Harav Yehuda Amital: The Pioneer of the Equal Partnership

Today marks the 3rd anniversary (Yahrtzeit) of Harav Yehuda Amital זצ”ל, the Rosh Yeshiva of Yeshivat Har Etzion and a man who had a tremendous impact on the arc of my life. This week marked the closing of Aleph, a new venture capital fund that I started with my equal partner Eden Shochat. As I reflected this morning, again from afar, on the life of Rav Amital and his messages, I realized that Rav Amital and his equal partner, Rav Aharon Lichtenstein (יבדל לחיים טובים וארוכים) were the true pioneers of the equal partnership and we have a lot to learn from them.

Utilizing the metaphor of a necessarily setting sun before the next sun rises, the Talmud, in numerous places, explains that it is difficult to share leadership. Not so in the case of Rav Amital.

HaRav Yehuda Amital founded Yeshivat Har Etzion in 1967 and set it on a growing path to greatness. As Rav Lichtenstein described in detail just 6 weeks ago, a few years after starting the Yeshiva, Rav Amital turned to Rav Lichtenstein, then a younger Rabbi in America, and offered him the keys to the entire castle. That selfless act by Rav Amital was the spark of an equal partnership between the two that lasted for 40 years. Moreover, that equal partnership accomplished one of the most seamless generational transitions ever in Yeshiva history, as Rav Amital and Rav Lichtenstein easily passed the baton to 3 new heads of the Yeshiva.

This morning I reflected on the lessons we can learn from Rav Amital and Rav Lichtenstein that made their equal partnership so special. I wanted to share some of them.

Selflessness: As I mentioned above, Rav Amital’s offer to step down is an act of self-abnegation that set the stage for others to thrive. It created space for someone else to step into, interact and cross pollinate.

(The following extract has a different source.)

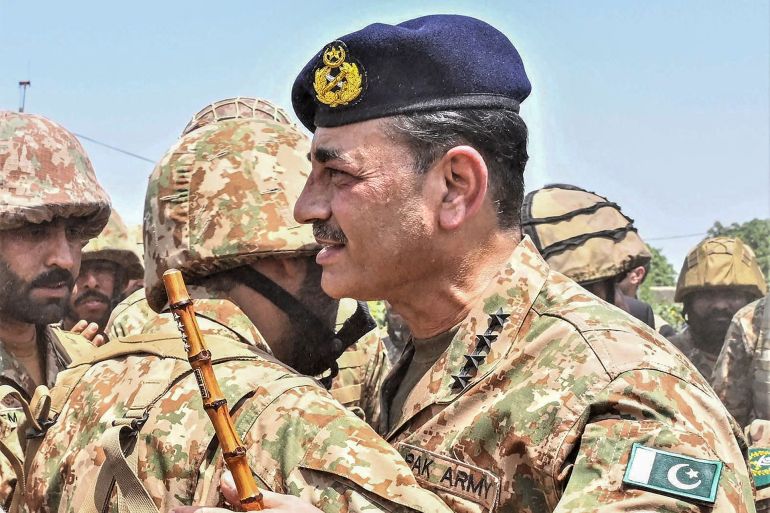 من المطار إلى قلب إسلام آباد.. باكستان تزين شوارعها بلافتات النصر 22 004 1747241619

That truly makes 1+1 worth more than 2.

Disagree but with respect: Partnerships, like marriage, are not about consensus. Ironically, frequently the worst decisions are made through consensus because compromise is often not the right answer. Every equal partnership should enable debate, dissent and disagreement, provided it is done with intellectual and emotional respect. When we were students, you knew that Rav Lichtenstein and Rav Amital did not agree on everything but you also knew and saw that they sat and listened to each other with respect and considered the other’s opinion.

Ego: Everyone has an ego. It is human nature. The question is whether you humbly subjugate your ego for the greater good and put we before me. In an equal partnership, subjugating your ego is the key to success. It has to be about the “we” and even better it should be about them, the students, or the beneficiaries of the equal partnership.

It does not have to be my way: Rav Amital was famous for saying that “I do not want to create more Amitals.” He wanted his students and others to disagree. He wanted people to find their own path, to be creative and daring. Rav Amital fostered creativity in who he was and encouraged others to do what they are good at. This is the equal partnership as a platform. When done correctly, dialogue, debate and deference create a platform for others to excel. Rav Amital’s and Rav Lichtenstein’s equal partnership flourished between themselves and allowed their students to become leaders in many walks of life. That is not obvious when you have two towering personalities and intellects like them. The equal partnership enabled to others to absorb their foundations and made us all better people, listeners, thinkers and learners.

Here is the eulogy I wrote 3 years ago.

יהי זכרו ברוך

May Rav Amital’s Memory be a lesson and blessing for us all.